▶ [Supplied material]:
============

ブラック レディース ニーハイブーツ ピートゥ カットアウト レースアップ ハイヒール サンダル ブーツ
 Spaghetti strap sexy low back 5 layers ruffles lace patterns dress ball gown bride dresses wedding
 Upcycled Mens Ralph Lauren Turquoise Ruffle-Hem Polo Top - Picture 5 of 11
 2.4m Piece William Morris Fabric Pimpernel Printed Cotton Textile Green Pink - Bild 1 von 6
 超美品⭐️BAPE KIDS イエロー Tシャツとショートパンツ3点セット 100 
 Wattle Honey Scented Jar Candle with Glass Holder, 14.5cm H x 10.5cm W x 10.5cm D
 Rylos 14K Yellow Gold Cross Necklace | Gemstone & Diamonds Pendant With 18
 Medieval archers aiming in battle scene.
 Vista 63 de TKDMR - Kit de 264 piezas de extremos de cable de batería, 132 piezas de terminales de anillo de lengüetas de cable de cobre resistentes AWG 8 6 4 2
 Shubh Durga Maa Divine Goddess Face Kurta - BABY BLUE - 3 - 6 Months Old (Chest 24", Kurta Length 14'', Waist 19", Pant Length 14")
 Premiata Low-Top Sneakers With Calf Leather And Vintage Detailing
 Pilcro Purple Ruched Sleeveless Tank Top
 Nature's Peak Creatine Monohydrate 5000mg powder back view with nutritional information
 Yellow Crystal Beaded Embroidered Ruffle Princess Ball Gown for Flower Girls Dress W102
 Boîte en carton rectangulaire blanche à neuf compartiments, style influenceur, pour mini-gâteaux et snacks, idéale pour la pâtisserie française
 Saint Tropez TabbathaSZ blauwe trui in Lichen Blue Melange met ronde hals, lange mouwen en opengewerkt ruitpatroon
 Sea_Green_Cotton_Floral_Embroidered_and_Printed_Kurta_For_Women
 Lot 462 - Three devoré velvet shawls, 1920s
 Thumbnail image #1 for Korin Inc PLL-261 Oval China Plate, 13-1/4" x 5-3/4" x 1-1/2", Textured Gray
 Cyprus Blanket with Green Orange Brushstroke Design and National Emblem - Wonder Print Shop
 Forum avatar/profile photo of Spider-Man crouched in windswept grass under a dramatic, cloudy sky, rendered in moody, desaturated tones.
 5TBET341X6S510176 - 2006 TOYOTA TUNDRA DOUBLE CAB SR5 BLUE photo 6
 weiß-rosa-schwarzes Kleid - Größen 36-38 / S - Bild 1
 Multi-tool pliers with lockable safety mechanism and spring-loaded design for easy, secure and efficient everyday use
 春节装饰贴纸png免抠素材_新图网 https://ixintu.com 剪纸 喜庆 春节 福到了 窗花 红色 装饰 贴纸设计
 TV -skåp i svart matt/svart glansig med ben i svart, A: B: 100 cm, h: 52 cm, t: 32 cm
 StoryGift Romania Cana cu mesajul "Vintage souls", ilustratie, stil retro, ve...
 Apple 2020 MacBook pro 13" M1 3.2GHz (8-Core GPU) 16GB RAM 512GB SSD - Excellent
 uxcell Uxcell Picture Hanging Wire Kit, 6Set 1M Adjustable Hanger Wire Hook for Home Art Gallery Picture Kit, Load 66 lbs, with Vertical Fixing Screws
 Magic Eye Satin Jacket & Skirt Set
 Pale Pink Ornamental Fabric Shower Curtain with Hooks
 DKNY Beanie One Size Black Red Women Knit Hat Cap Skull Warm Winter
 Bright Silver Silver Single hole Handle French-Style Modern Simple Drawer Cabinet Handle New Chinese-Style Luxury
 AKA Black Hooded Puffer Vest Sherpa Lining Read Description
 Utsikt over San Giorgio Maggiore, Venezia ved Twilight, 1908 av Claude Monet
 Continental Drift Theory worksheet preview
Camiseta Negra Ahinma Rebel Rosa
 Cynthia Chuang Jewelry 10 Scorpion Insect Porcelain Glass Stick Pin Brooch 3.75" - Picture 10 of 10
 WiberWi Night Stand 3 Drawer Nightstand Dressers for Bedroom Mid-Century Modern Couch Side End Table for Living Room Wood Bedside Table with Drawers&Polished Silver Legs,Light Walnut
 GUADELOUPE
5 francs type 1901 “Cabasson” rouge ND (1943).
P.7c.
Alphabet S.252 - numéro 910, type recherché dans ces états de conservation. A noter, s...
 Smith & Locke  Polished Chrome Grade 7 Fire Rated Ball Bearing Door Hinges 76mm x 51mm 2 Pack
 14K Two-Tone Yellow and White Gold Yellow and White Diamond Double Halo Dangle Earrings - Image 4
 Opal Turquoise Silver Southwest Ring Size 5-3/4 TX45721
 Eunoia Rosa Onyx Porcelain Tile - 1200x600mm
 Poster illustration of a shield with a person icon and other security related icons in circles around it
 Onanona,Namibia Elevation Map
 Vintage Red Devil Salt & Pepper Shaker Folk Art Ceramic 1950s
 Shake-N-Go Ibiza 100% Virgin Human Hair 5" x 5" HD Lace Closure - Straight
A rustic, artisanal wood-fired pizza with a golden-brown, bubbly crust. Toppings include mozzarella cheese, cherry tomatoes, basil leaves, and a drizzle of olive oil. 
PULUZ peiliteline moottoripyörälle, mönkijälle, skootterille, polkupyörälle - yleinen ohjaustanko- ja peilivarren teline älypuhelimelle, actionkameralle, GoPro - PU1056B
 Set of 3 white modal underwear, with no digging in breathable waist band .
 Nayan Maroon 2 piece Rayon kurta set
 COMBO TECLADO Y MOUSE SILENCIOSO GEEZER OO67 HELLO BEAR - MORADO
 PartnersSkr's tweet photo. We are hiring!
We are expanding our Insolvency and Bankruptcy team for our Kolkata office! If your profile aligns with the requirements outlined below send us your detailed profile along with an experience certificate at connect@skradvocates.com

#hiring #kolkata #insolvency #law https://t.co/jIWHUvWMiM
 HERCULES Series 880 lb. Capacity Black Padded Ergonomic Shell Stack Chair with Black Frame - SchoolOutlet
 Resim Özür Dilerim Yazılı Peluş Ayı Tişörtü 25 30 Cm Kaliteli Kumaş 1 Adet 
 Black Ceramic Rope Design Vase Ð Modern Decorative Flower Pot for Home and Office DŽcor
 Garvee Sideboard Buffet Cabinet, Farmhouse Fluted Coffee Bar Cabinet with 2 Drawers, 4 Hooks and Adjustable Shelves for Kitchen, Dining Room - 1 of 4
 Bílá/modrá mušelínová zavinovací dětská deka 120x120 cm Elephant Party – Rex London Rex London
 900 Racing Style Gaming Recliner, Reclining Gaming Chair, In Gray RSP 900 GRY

============

▶ [Action item]: Exactly as written, return every line of the material.

▶ [Reply]:
ブラック レディース ニーハイブーツ ピートゥ カットアウト レースアップ ハイヒール サンダル ブーツ
 Spaghetti strap sexy low back 5 layers ruffles lace patterns dress ball gown bride dresses wedding
 Upcycled Mens Ralph Lauren Turquoise Ruffle-Hem Polo Top - Picture 5 of 11
 2.4m Piece William Morris Fabric Pimpernel Printed Cotton Textile Green Pink - Bild 1 von 6
 超美品⭐️BAPE KIDS イエロー Tシャツとショートパンツ3点セット 100 
 Wattle Honey Scented Jar Candle with Glass Holder, 14.5cm H x 10.5cm W x 10.5cm D
 Rylos 14K Yellow Gold Cross Necklace | Gemstone & Diamonds Pendant With 18
 Medieval archers aiming in battle scene.
 Vista 63 de TKDMR - Kit de 264 piezas de extremos de cable de batería, 132 piezas de terminales de anillo de lengüetas de cable de cobre resistentes AWG 8 6 4 2
 Shubh Durga Maa Divine Goddess Face Kurta - BABY BLUE - 3 - 6 Months Old (Chest 24", Kurta Length 14'', Waist 19", Pant Length 14")
 Premiata Low-Top Sneakers With Calf Leather And Vintage Detailing
 Pilcro Purple Ruched Sleeveless Tank Top
 Nature's Peak Creatine Monohydrate 5000mg powder back view with nutritional information
 Yellow Crystal Beaded Embroidered Ruffle Princess Ball Gown for Flower Girls Dress W102
 Boîte en carton rectangulaire blanche à neuf compartiments, style influenceur, pour mini-gâteaux et snacks, idéale pour la pâtisserie française
 Saint Tropez TabbathaSZ blauwe trui in Lichen Blue Melange met ronde hals, lange mouwen en opengewerkt ruitpatroon
 Sea_Green_Cotton_Floral_Embroidered_and_Printed_Kurta_For_Women
 Lot 462 - Three devoré velvet shawls, 1920s
 Thumbnail image #1 for Korin Inc PLL-261 Oval China Plate, 13-1/4" x 5-3/4" x 1-1/2", Textured Gray
 Cyprus Blanket with Green Orange Brushstroke Design and National Emblem - Wonder Print Shop
 Forum avatar/profile photo of Spider-Man crouched in windswept grass under a dramatic, cloudy sky, rendered in moody, desaturated tones.
 5TBET341X6S510176 - 2006 TOYOTA TUNDRA DOUBLE CAB SR5 BLUE photo 6
 weiß-rosa-schwarzes Kleid - Größen 36-38 / S - Bild 1
 Multi-tool pliers with lockable safety mechanism and spring-loaded design for easy, secure and efficient everyday use
 春节装饰贴纸png免抠素材_新图网 https://ixintu.com 剪纸 喜庆 春节 福到了 窗花 红色 装饰 贴纸设计
 TV -skåp i svart matt/svart glansig med ben i svart, A: B: 100 cm, h: 52 cm, t: 32 cm
 StoryGift Romania Cana cu mesajul "Vintage souls", ilustratie, stil retro, ve...
 Apple 2020 MacBook pro 13" M1 3.2GHz (8-Core GPU) 16GB RAM 512GB SSD - Excellent
 uxcell Uxcell Picture Hanging Wire Kit, 6Set 1M Adjustable Hanger Wire Hook for Home Art Gallery Picture Kit, Load 66 lbs, with Vertical Fixing Screws
 Magic Eye Satin Jacket & Skirt Set
 Pale Pink Ornamental Fabric Shower Curtain with Hooks
 DKNY Beanie One Size Black Red Women Knit Hat Cap Skull Warm Winter
 Bright Silver Silver Single hole Handle French-Style Modern Simple Drawer Cabinet Handle New Chinese-Style Luxury
 AKA Black Hooded Puffer Vest Sherpa Lining Read Description
 Utsikt over San Giorgio Maggiore, Venezia ved Twilight, 1908 av Claude Monet
 Continental Drift Theory worksheet preview
Camiseta Negra Ahinma Rebel Rosa
 Cynthia Chuang Jewelry 10 Scorpion Insect Porcelain Glass Stick Pin Brooch 3.75" - Picture 10 of 10
 WiberWi Night Stand 3 Drawer Nightstand Dressers for Bedroom Mid-Century Modern Couch Side End Table for Living Room Wood Bedside Table with Drawers&Polished Silver Legs,Light Walnut
 GUADELOUPE
5 francs type 1901 “Cabasson” rouge ND (1943).
P.7c.
Alphabet S.252 - numéro 910, type recherché dans ces états de conservation. A noter, s...
 Smith & Locke  Polished Chrome Grade 7 Fire Rated Ball Bearing Door Hinges 76mm x 51mm 2 Pack
 14K Two-Tone Yellow and White Gold Yellow and White Diamond Double Halo Dangle Earrings - Image 4
 Opal Turquoise Silver Southwest Ring Size 5-3/4 TX45721
 Eunoia Rosa Onyx Porcelain Tile - 1200x600mm
 Poster illustration of a shield with a person icon and other security related icons in circles around it
 Onanona,Namibia Elevation Map
 Vintage Red Devil Salt & Pepper Shaker Folk Art Ceramic 1950s
 Shake-N-Go Ibiza 100% Virgin Human Hair 5" x 5" HD Lace Closure - Straight
A rustic, artisanal wood-fired pizza with a golden-brown, bubbly crust. Toppings include mozzarella cheese, cherry tomatoes, basil leaves, and a drizzle of olive oil. 
PULUZ peiliteline moottoripyörälle, mönkijälle, skootterille, polkupyörälle - yleinen ohjaustanko- ja peilivarren teline älypuhelimelle, actionkameralle, GoPro - PU1056B
 Set of 3 white modal underwear, with no digging in breathable waist band .
 Nayan Maroon 2 piece Rayon kurta set
 COMBO TECLADO Y MOUSE SILENCIOSO GEEZER OO67 HELLO BEAR - MORADO
 PartnersSkr's tweet photo. We are hiring!
We are expanding our Insolvency and Bankruptcy team for our Kolkata office! If your profile aligns with the requirements outlined below send us your detailed profile along with an experience certificate at connect@skradvocates.com

#hiring #kolkata #insolvency #law https://t.co/jIWHUvWMiM
 HERCULES Series 880 lb. Capacity Black Padded Ergonomic Shell Stack Chair with Black Frame - SchoolOutlet
 Resim Özür Dilerim Yazılı Peluş Ayı Tişörtü 25 30 Cm Kaliteli Kumaş 1 Adet 
 Black Ceramic Rope Design Vase Ð Modern Decorative Flower Pot for Home and Office DŽcor
 Garvee Sideboard Buffet Cabinet, Farmhouse Fluted Coffee Bar Cabinet with 2 Drawers, 4 Hooks and Adjustable Shelves for Kitchen, Dining Room - 1 of 4
 Bílá/modrá mušelínová zavinovací dětská deka 120x120 cm Elephant Party – Rex London Rex London
 900 Racing Style Gaming Recliner, Reclining Gaming Chair, In Gray RSP 900 GRY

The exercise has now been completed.